Светлый фон

Но вот память прервала свою работу и остановилась перед «Соловецким делом», и ей не захотелось двигаться дальше. Пусть опустится завеса. Довольно.

Не скоро улеглось мое возбуждение. Память по инерции самопроизвольно усиленно работала. Всплывали лица без имен, улыбки без глаз и глаза без улыбок. Имена без лиц... И я мучился, вспоминая. И имя без лица мучило меня, пока не вспоминалось лицо, и лицо без имени — пока не вспоминалось имя. Вспомню лицо, и мучившее меня имя исчезнет, и наоборот: вспомню наряду с лицом имя, и оно стушуется. Пробудился талант вспоминать. Я вспоминал не только забытое, но и то, что никогда не помнил. Так, я восстанавливал строчки стихов, которые никогда не знал наизусть. Я изыскивал разные способы «убивать время». Стал вспоминать своих товарищей по классу. Я поступил в 5-й класс в начале сентября 1904 года. В январе 1905 тяжело заболел и вернулся в гимназию лишь осенью, а в 1906 осенью мама увезла меня в Ниццу. Следовательно, в гимназии я пробыл всего несколько месяцев. И вот я вспомнил 50 своих товарищей по классу, начертил парты и разместил их попарно, кто с кем сидел. Вспомнил всех, и жизнь поглотила всех, кроме одного — Яна Вильчинского. Я и судьбу знаю только одного — Воли Киричинского, который покончил с собой, когда был студентом Киевского университета.

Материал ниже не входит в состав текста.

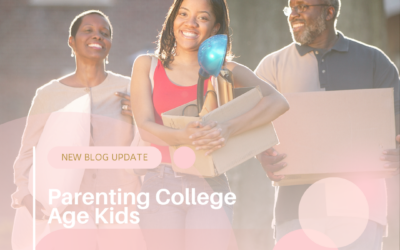 Exploring Parenting College Aged Kids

Вот еще один способ «убивать время»: вспоминать полку за полкой своих книжных шкафов. Вспоминать книгу за книгой, которые я с такой любовью расставлял в своей библиотеке, всегда заботясь о том, чтобы они были довольны своими соседями. Вспоминал, когда и где я перечитывал эти книги, что думалось по их поводу. И мне в конце концов захотелось прекратить работу памяти. Я остановился у последней черты, за которую не хотел переступать.

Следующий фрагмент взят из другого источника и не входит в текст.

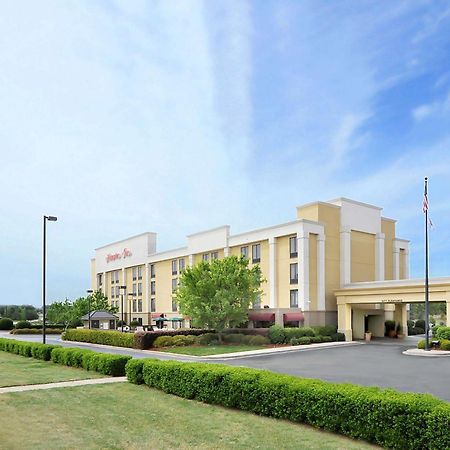 Hampton Inn Spartanburg Hotel Exterior photo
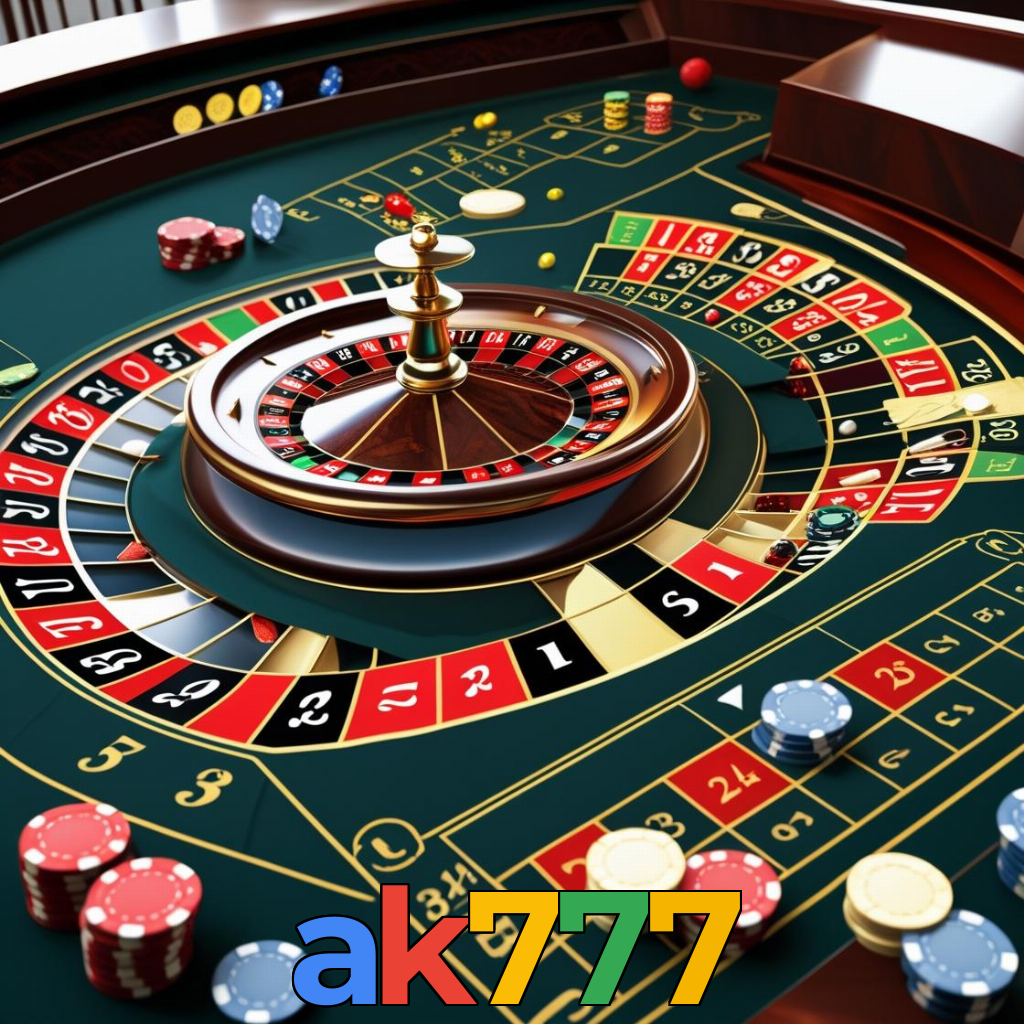 ak777:O melhor cassino online com roleta, poker e apostas no futebol!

Но унять взбудораженное море воспоминаний было нелегко. Я лишился сна. Всю ночь меня освещал в тишине яркий свет электрической лампы. Изредка слышалась поступь часового в мягких туфлях по мягкому ковру, легкий звук поднимаемого «века» над «глазком». Не пытается ли арестант покончить с собой? Помню ночь, когда мне в моем полубредовом состоянии почудилось, что часовой вошел в комнату. Я решил, что схожу с ума, и начал кричать. Часовой поднял «веко» и заглянул в «глазок»: «Тише, чего кричишь, перебудил мне всех!» Пустые ночи сливались с пустыми днями. В одну такую ночь в памяти воскресло непонятное слово «гоплиц». Имя? Название города? Кажется, в «Оливере Твисте» был мистер, который грозился съесть свою голову. Нет, то был Гримуиг. И «гоплиц» не давал мне покоя. Уже начинало чудиться, что оно превращается в серого зверька с длинным, штопором обрезанным хвостиком, зверек по спирали карабкается по колонке печки. Я еще не видел этого зверька, но понимал: дело кончится тем, что этого зверька — «гоплиц» — я буду уже видеть как свою галлюцинацию. И все же я наконец вспомнил. В верстке нашей книги «Современные города» я обнаружил опечатку: гоплиц вместо Голливуд. И тогда кошмар рассеялся.